Relying in particular on article 8, Mr R.E. complained about the regime – under RIPA and the Covert Surveillance Code of Practice – for covert surveillance of consultations between detainees and their lawyers and between vulnerable detainees and “appropriate adults”.
The application was lodged with the ECtHR on 7 October 2011.
The court reiterated the reasoning in its judgment in the case of Kennedy v.the United Kingdom (no. 26839/05 of 18 May 2010) concerning interception of communications. In that judgment the court held that the domestic law provisions (part I of RIPA) covering the nature of the offences which could give rise to interception, the categories of persons liable to be the subject of interception and the provisions dealing with duration, renewal and cancellation of interception measures had been sufficiently clear.
The government argued that Mr R.E.’s case should be distinguished fromKennedy on the ground that the covert surveillance had been less intrusive than the interception of communications and that therefore the required level of safeguards should be less strict.
However, the court considered that the surveillance of a legal consultation constituted an extremely high degree of intrusion into a person’s right to respect for his or her private life and correspondence and consequently the same stringent safeguards should be in place to protect individuals from arbitrary interference with their article 8 rights as in the case of interception of communications, such as a telephone call between a lawyer and a client.
The court noted that, as in Kennedy, the domestic provisions with regard to covert surveillance (Part II of RIPA) had been sufficiently clear in terms of the nature of the offences which could give rise to such measures, the categories of persons liable to be the subject of surveillance and the provisions dealing with duration, renewal and cancellation of surveillance measures.
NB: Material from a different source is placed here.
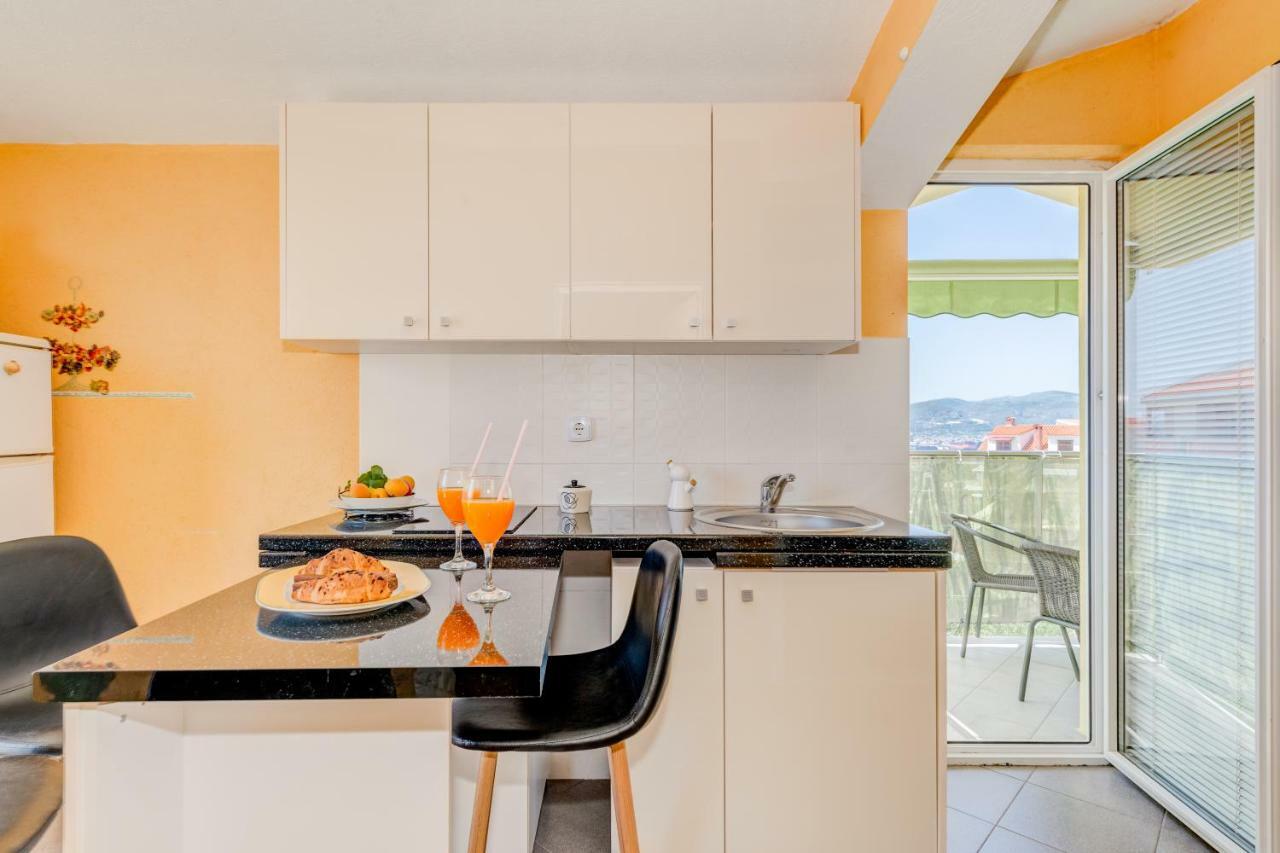 Apartments Petra Trogir Extérieur photo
Furthermore, guidelines to ensure that arrangements were in place for the secure handling, storage and destruction of material obtained through covert surveillance had been implemented by the Northern Ireland Police Service on 22 June 2010.
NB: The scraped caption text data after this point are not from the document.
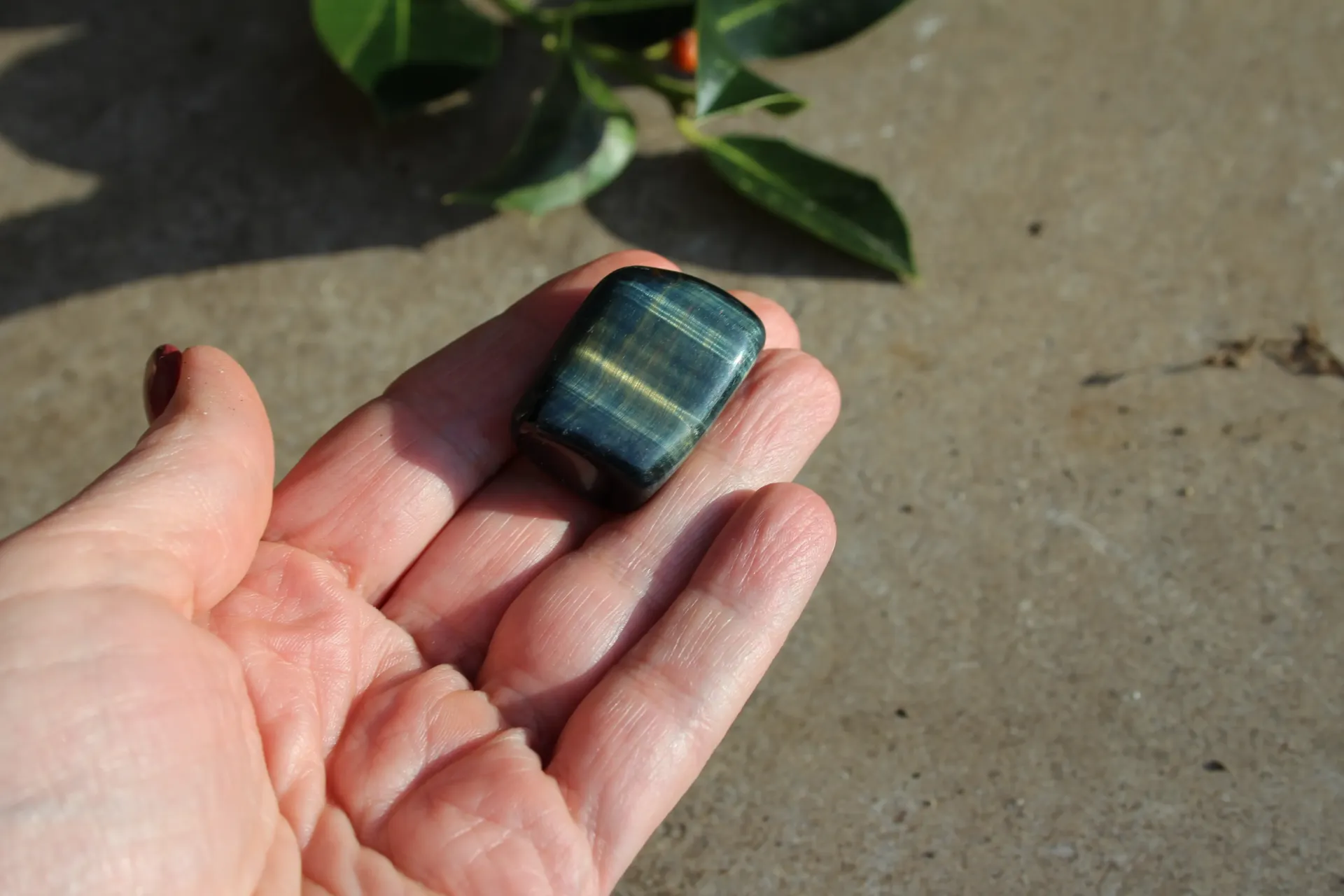 Arendsoog knuffelsteen B - 26g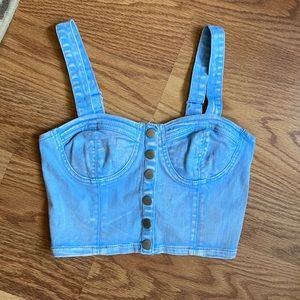 Trendy denim crop top💙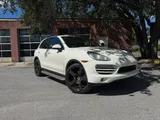 2011 Porsche Cayenne photo 1
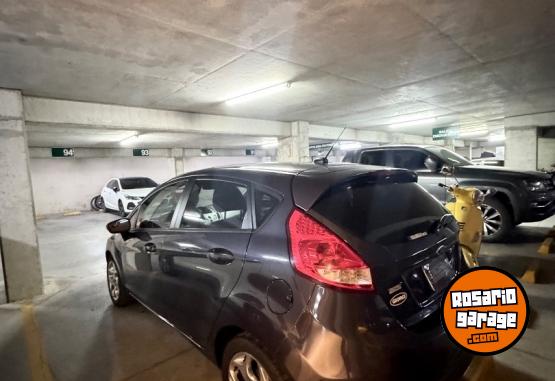 Autos - Ford Fiesta kinetic 2013 Nafta 106000Km - En Venta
However, at the time of Mr. R.E.’s detention in May 2010, those guidelines were not yet in force. The court was not therefore satisfied that the relevant domestic law provisions in place at the time provided sufficient safeguards for the protection of material obtained by covert surveillance, notably as concerned the examination, use and storage of the material obtained, the precautions to be taken when communicating the material to other parties, and the circumstances in which recordings could or had to be erased or the material destroyed.
There had therefore been a violation of article 8 insofar as Mr R.E.’s complaint about the covert surveillance of his legal consultations.
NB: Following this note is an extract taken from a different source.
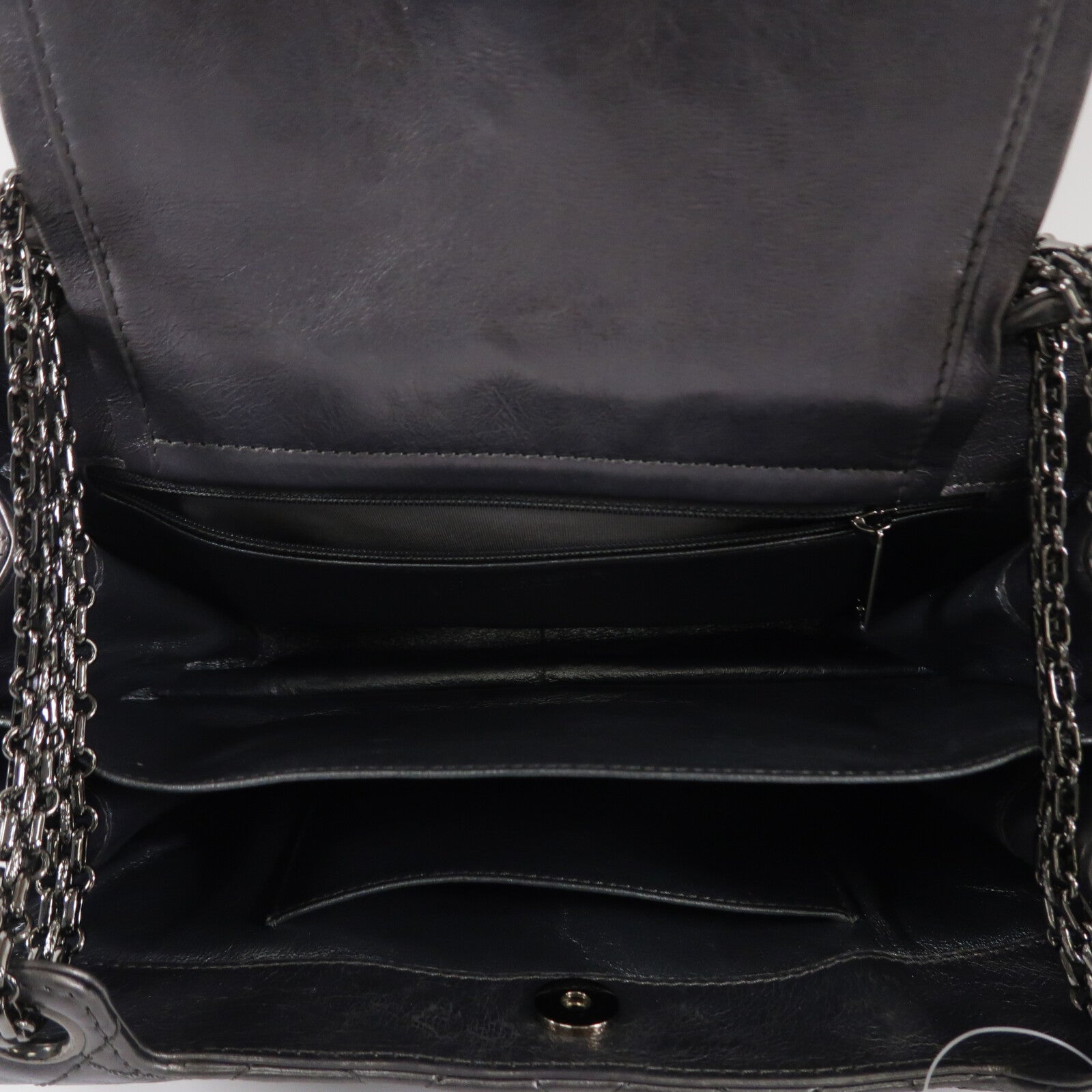 CHANEL 牛皮皮革2.55 Reissue Shoulder Bag鏈帶肩背袋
As concerned article 8 in connection with the surveillance of “appropriate adult”-detainee consultations, the court held that, unlike legal consultations, they were not subject to legal privilege and therefore a detainee would not have the same expectation of privacy.
The court was satisfied that the relevant domestic provisions, insofar as they related to the possible surveillance of consultations between detainees and “appropriate adults”, were accompanied by “adequate safeguards against abuse”, notably as concerned the authorisation, review and record keeping.
Accordingly, the court held that there had been no violation of Article 8 with regard to this part of Mr R.E.’s complaint.
In accordance with article 41, the court held that the United Kingdom was to pay Mr R.E. €1,500 in respect of non-pecuniary damage and €15,000 in respect of costs and expenses.